▸ **REQUIRED WORK**
Pictures aside, restate the records below exactly as written.

(Scraped caption text data)
Content starts

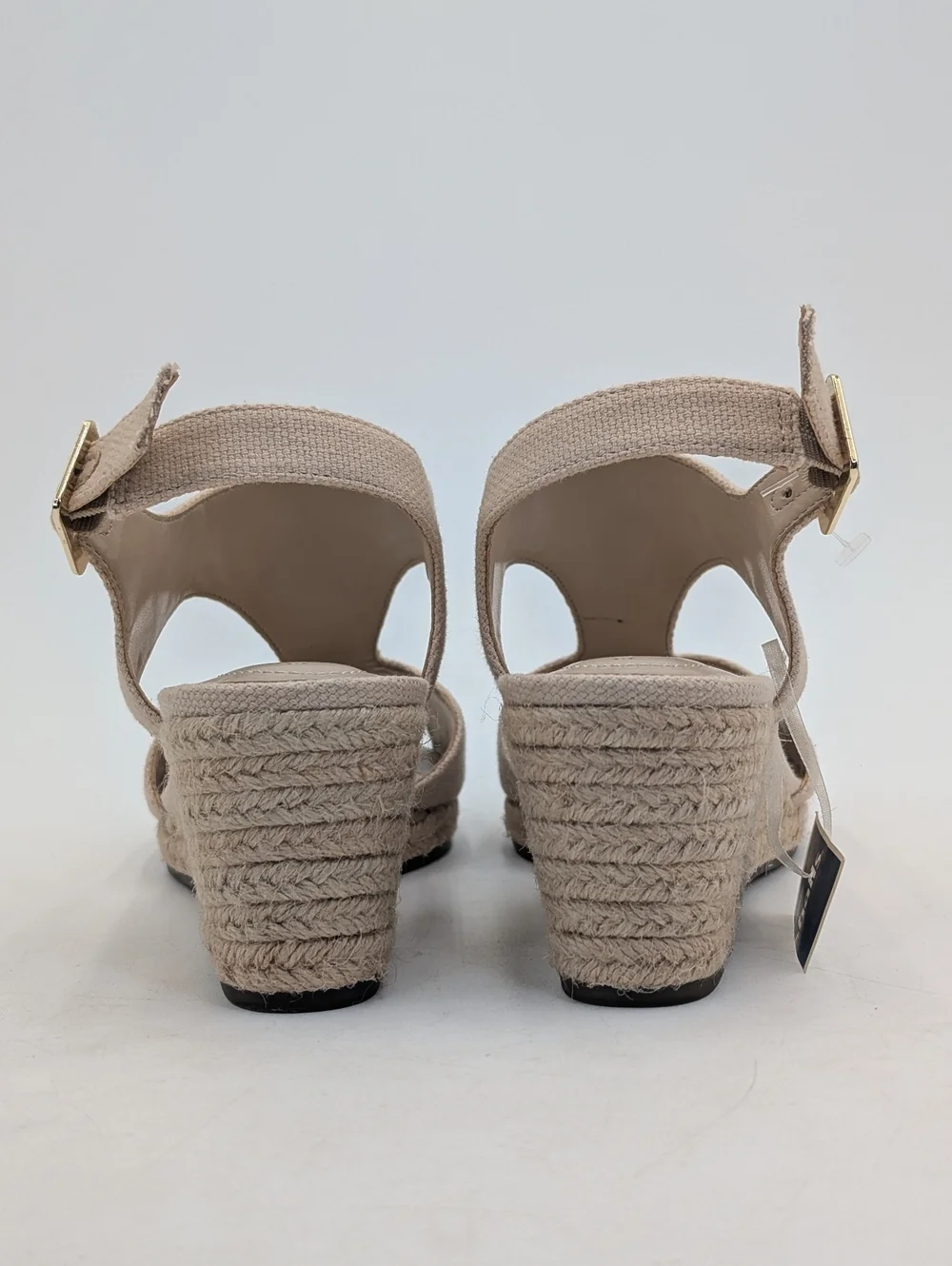 NWT Bandolino Sz 8 Neutral Tan Espadrille Wedge Gold Color Buckle Ankle Straps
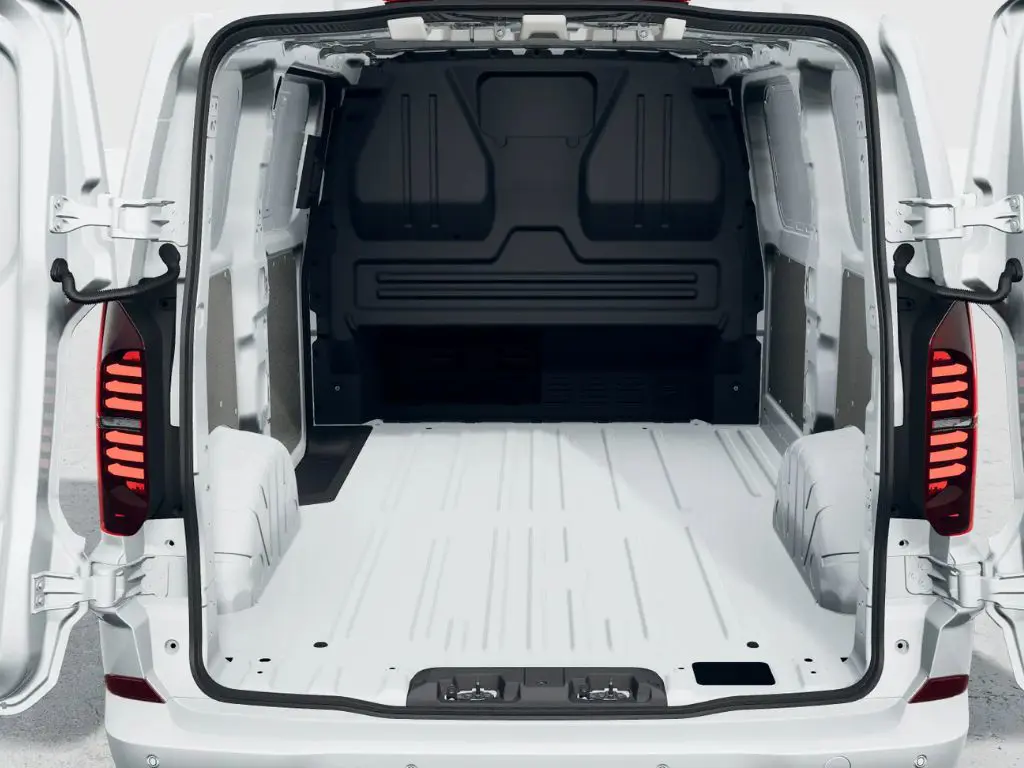 Volkswagen Transporter T32 SWB Electric 100KW 70KWH Commerce Plus Van Auto 5 Plus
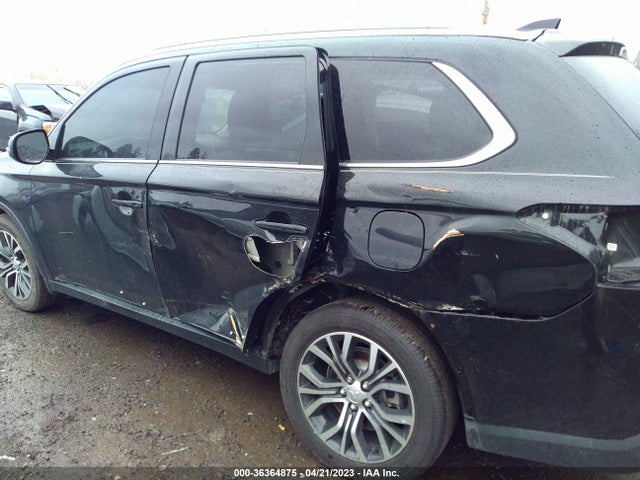 JA4AZ3A34JJ000884 Mitsubishi Outlander Sel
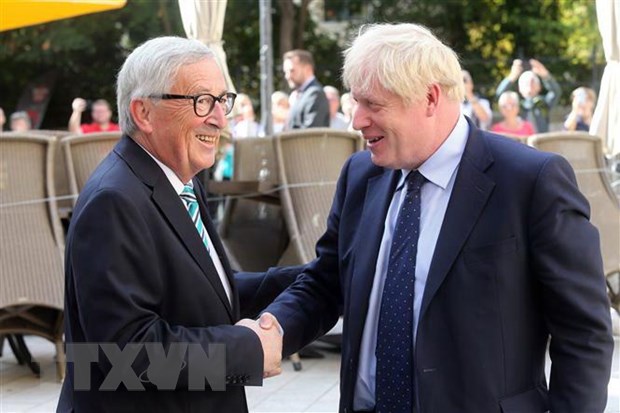 Chủ tịch Ủy ban châu Âu Jean-Claude Juncker (trái) trong cuộc gặp Thủ tướng Anh Boris Johnson tại Luxembourg ngày 16-9-2019. (Ảnh: AFP/TTXVN)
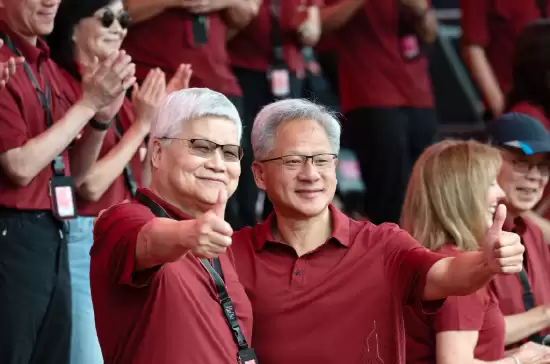 黄仁勋身着红色短袖现身台积电运动会 与魏哲家竖大拇指合影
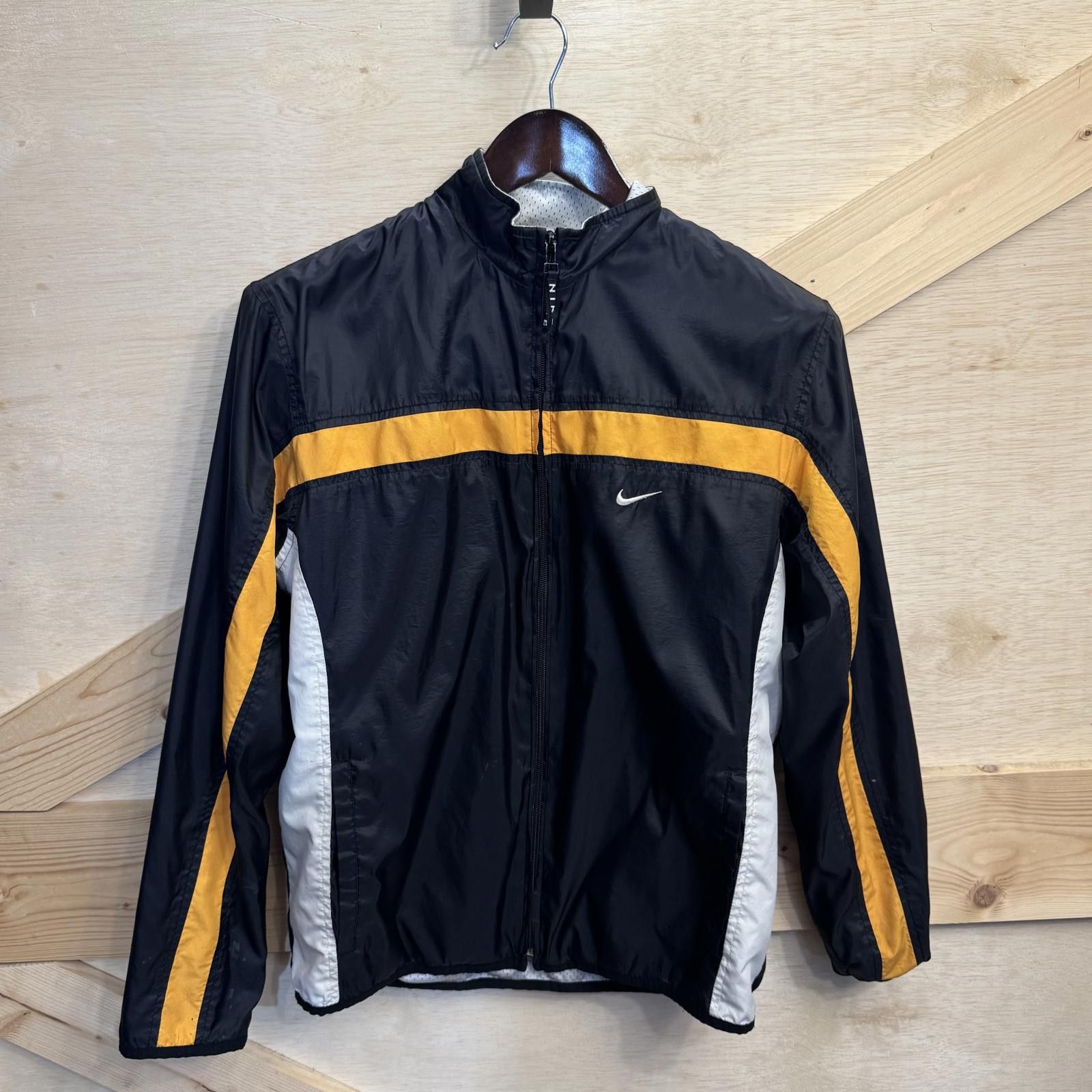 Nike Nike Jacket Women's Large Windbreaker Black Yellow 90s Y2K Size L / US 10 / IT 46 - 1 Thumbnail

Content ends

▸ **OUTPUT OF THE EXERCISE**
 NWT Bandolino Sz 8 Neutral Tan Espadrille Wedge Gold Color Buckle Ankle Straps
 Volkswagen Transporter T32 SWB Electric 100KW 70KWH Commerce Plus Van Auto 5 Plus
 JA4AZ3A34JJ000884 Mitsubishi Outlander Sel
 Chủ tịch Ủy ban châu Âu Jean-Claude Juncker (trái) trong cuộc gặp Thủ tướng Anh Boris Johnson tại Luxembourg ngày 16-9-2019. (Ảnh: AFP/TTXVN)
 黄仁勋身着红色短袖现身台积电运动会 与魏哲家竖大拇指合影
 Nike Nike Jacket Women's Large Windbreaker Black Yellow 90s Y2K Size L / US 10 / IT 46 - 1 Thumbnail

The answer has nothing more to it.